Stored records
Start of Block

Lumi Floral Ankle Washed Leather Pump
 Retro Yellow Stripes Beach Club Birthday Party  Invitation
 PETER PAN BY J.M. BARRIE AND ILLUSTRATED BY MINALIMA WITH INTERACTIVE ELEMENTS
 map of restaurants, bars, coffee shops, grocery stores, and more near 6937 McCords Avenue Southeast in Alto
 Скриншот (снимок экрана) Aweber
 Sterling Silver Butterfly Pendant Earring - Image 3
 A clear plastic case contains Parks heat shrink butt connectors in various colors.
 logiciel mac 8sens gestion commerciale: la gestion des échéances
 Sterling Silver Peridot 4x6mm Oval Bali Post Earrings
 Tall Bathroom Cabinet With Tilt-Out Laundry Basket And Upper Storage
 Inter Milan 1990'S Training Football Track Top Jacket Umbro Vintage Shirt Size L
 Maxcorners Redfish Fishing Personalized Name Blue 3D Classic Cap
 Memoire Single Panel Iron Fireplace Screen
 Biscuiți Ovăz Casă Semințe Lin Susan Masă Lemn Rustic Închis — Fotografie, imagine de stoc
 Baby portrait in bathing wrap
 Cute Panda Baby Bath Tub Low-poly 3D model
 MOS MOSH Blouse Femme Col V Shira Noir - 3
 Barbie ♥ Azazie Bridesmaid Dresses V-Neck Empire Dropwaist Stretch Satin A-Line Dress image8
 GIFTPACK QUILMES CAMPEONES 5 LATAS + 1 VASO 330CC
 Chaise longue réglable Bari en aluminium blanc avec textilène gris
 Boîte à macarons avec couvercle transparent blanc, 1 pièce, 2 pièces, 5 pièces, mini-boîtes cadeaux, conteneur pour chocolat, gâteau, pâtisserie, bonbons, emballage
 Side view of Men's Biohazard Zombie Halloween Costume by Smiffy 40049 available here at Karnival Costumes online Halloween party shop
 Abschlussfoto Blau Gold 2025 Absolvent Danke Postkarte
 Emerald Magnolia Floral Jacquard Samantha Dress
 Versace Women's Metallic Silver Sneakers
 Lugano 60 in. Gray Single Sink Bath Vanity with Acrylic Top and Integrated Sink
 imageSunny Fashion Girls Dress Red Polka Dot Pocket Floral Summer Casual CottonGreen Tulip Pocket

End of Block

[What the exercise asks] Please retype, with no changes, the lines that run from the first line of the entries to the line with "Boîte à macarons", both ends included.

[Solution for this problem]
Lumi Floral Ankle Washed Leather Pump
 Retro Yellow Stripes Beach Club Birthday Party  Invitation
 PETER PAN BY J.M. BARRIE AND ILLUSTRATED BY MINALIMA WITH INTERACTIVE ELEMENTS
 map of restaurants, bars, coffee shops, grocery stores, and more near 6937 McCords Avenue Southeast in Alto
 Скриншот (снимок экрана) Aweber
 Sterling Silver Butterfly Pendant Earring - Image 3
 A clear plastic case contains Parks heat shrink butt connectors in various colors.
 logiciel mac 8sens gestion commerciale: la gestion des échéances
 Sterling Silver Peridot 4x6mm Oval Bali Post Earrings
 Tall Bathroom Cabinet With Tilt-Out Laundry Basket And Upper Storage
 Inter Milan 1990'S Training Football Track Top Jacket Umbro Vintage Shirt Size L
 Maxcorners Redfish Fishing Personalized Name Blue 3D Classic Cap
 Memoire Single Panel Iron Fireplace Screen
 Biscuiți Ovăz Casă Semințe Lin Susan Masă Lemn Rustic Închis — Fotografie, imagine de stoc
 Baby portrait in bathing wrap
 Cute Panda Baby Bath Tub Low-poly 3D model
 MOS MOSH Blouse Femme Col V Shira Noir - 3
 Barbie ♥ Azazie Bridesmaid Dresses V-Neck Empire Dropwaist Stretch Satin A-Line Dress image8
 GIFTPACK QUILMES CAMPEONES 5 LATAS + 1 VASO 330CC
 Chaise longue réglable Bari en aluminium blanc avec textilène gris
 Boîte à macarons avec couvercle transparent blanc, 1 pièce, 2 pièces, 5 pièces, mini-boîtes cadeaux, conteneur pour chocolat, gâteau, pâtisserie, bonbons, emballage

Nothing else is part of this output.